Consider a map $T:\mathbb{R}^2\to\mathbb{R}^2$ such that $\lVert T(x)\rVert=\lVert x\rVert$.
Is this equivalent to stating that $\langle x, y\rangle=\langle T(x), T(y)\rangle$ for all $x,y\in\mathbb{R}^2$, where $\langle\cdot,\cdot\rangle$ denotes the usual inner product?
YES it is equivalent.
If $\langle x,y\rangle=\langle Tx,Ty\rangle$, for $x=y$: $$\|x\|^2=\langle x,x\rangle=\langle Tx,Tx\rangle=\|Tx\|^2,$$ and hence $\|x\|=\|Tx\|,$ for all $x$.
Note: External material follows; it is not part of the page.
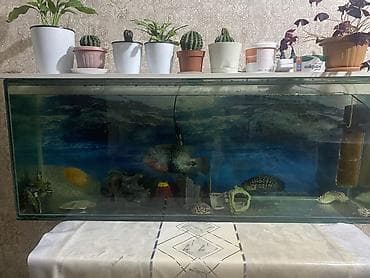 апарат инкубатор: Большой аквариумный комплект с оборудованием и декором Есть торг - — 4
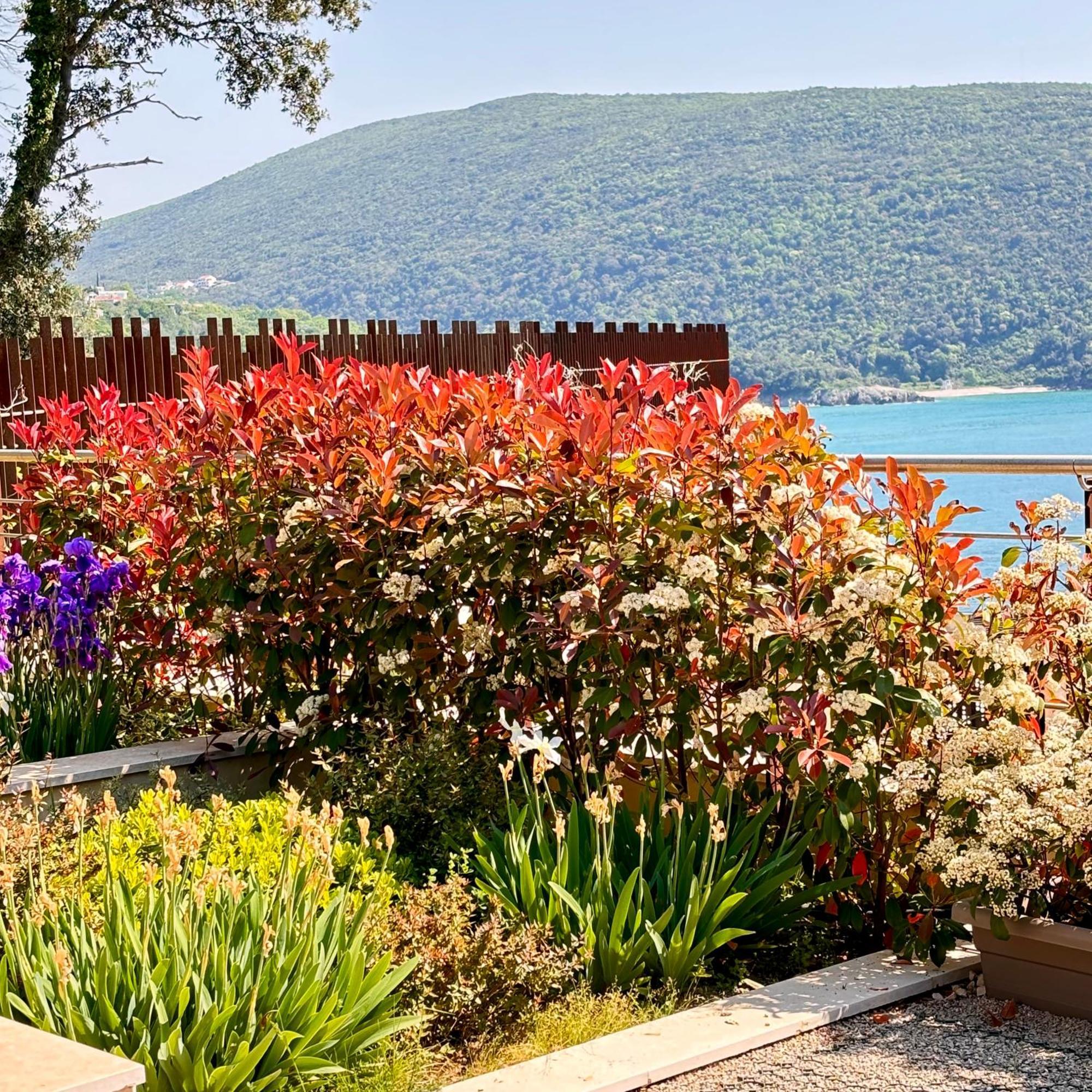 Continuum Apartman Ulcinj Kültér fotó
If $\|x\|=\|Tx\|,$ then $\|x\|^2=\|Tx\|^2,$ for all $x$. Replace $x$ by $x+y$ and obtain: $$ \langle x,x\rangle+2\langle x,y\rangle+\langle y,y\rangle=\langle x+y,x+y\rangle=\|x+y\|^2=\|Tx+Ty\|^2=\langle Tx,Tx\rangle+2\langle Tx,Ty\rangle+\langle Ty,Ty\rangle, $$ and since $\langle x,x\rangle=\langle Tx,Tx\rangle$ and $\langle y,y\rangle=\langle Ty,Ty\rangle$, then $$ \langle x,y\rangle=\langle Tx,Ty\rangle, $$ for all $x,y$.